While it is not certain how long there have been people living in the Niagara area, estimates usually range between 5000 and 8000 years. Little is known about the earliest inhabitants of the region, but later residents have left a rich and exciting history. By the 1st century A.D., ancestors of the present-day “Iroguoian” peoples were firmly established in the area. Approximately 1500 years later their descendants reached a major turning point in their history when they took park in the formation of the “Great League of Peace”.
The League, also known to us today as the Iroquois Confederacy, was a joining of five nations whose territories stretched across what is now New York State. The Five Nations (Seneca, Cayuga, Onandaga, Oneida, and Mohawk) called themselves “Ho-de-no-saunee” (People of the Extended House), and were a major influence in the Northeast for the next two centuries. The Niagara region was under the stewardship of the Seneca, who were called “Keepers of the Western Door”.

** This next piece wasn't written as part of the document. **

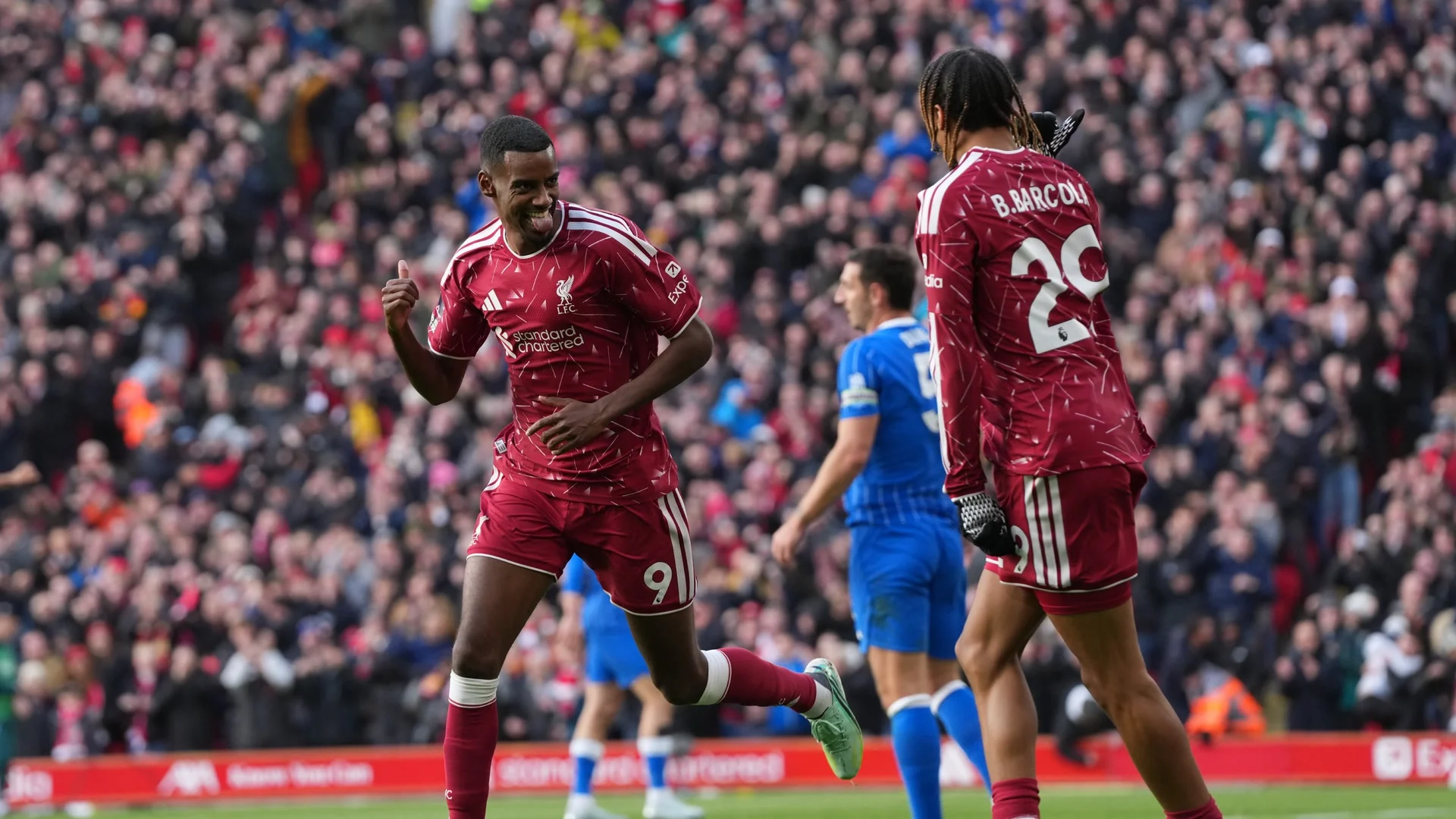 Liverpool striker Alexander Isak, in Liverpool's red home shirt with the No 9 on his shorts, smiles and gives a thumbs-up as he celebrates his goal against Brighton & Hove Albion at Anfield on 25 October 2026, with team-mate Bradley Barcola (No 29) beside him and a Brighton player in blue behind. Photo: Liverpool FC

A series of events that would have far-reaching consequences for Niagara took place in the 1600’s. Europeans, who had been busily colonizing other parts of North America, began to explore the interior of the continent. The first of these explorers to pass through the Niagara area were French, and among them was Father Louis Hennepin, a Recollect priest. Father Hennepin visited the region in December of 1678 and was overwhelmed by the size and magnificence of the Falls. Father Hennepin later returned to France, and there, in 1683, published an account of his travels. This work was translated into a number of European languages, and brought the existence of Niagara Falls to the attention of the “Old World” for the first time.

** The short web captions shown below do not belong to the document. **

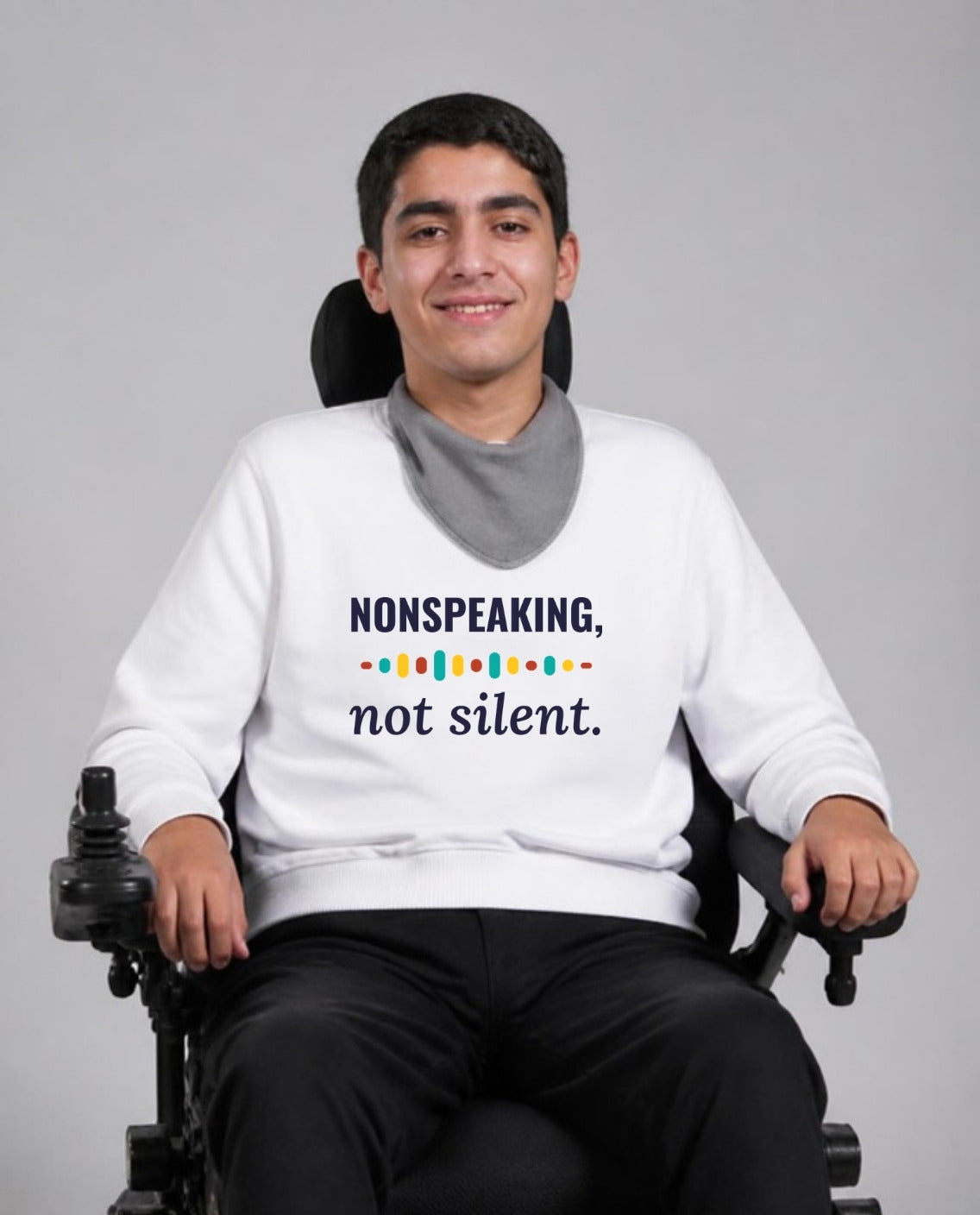 Man who uses a power wheelchair wearing the Nonspeaking, Not Silent Adult Sweatshirt in White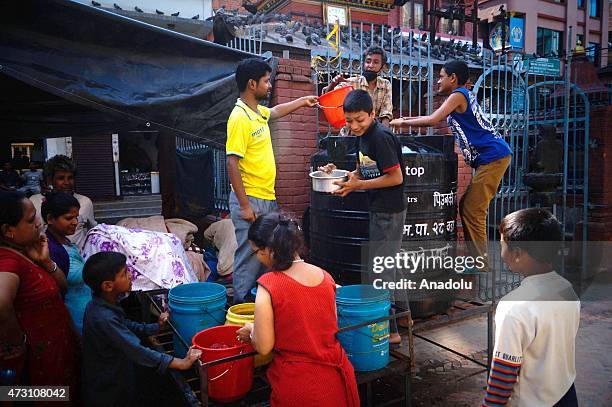Nepalese people fill their buckets with water following the second major earthquake in Kathmandu, Nepal on May 13, 2015. The second major earthquake...
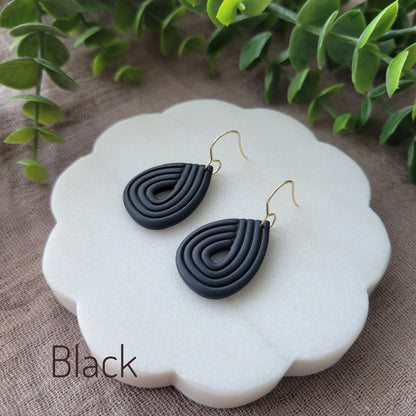 Side view of a pair of black embossed teardrop earrings displayed on a round scalloped white tray.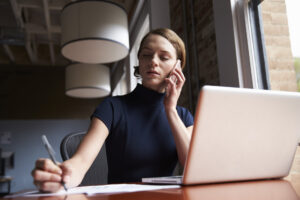 A person sits at a desk with a laptop, talking on a phone and writing on paper, inside an office with large windows and modern lighting.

At the same time that they were exploring North America, the Europeans were also taking control of the continent. The French gradually occupied the middle of the continent from Northeastern Canada to the Gulf of Mexico. The Niagara River, which joins Lake Ontario to Lake Erie, quickly became an important link in the French water transport systems. Soldiers and supplies could be carried by boat along most of the river’s length with only one portage (around the Falls and rapids). In order to maintain control over the river, the French found it necessary to establish a permanent presence in Niagara. In 1679, they built a crude log fort at the mouth of the Niagara River where it joins Lake Ontario. It was soon abandoned. Another log fort was built in 1687, but it, too, was abandoned.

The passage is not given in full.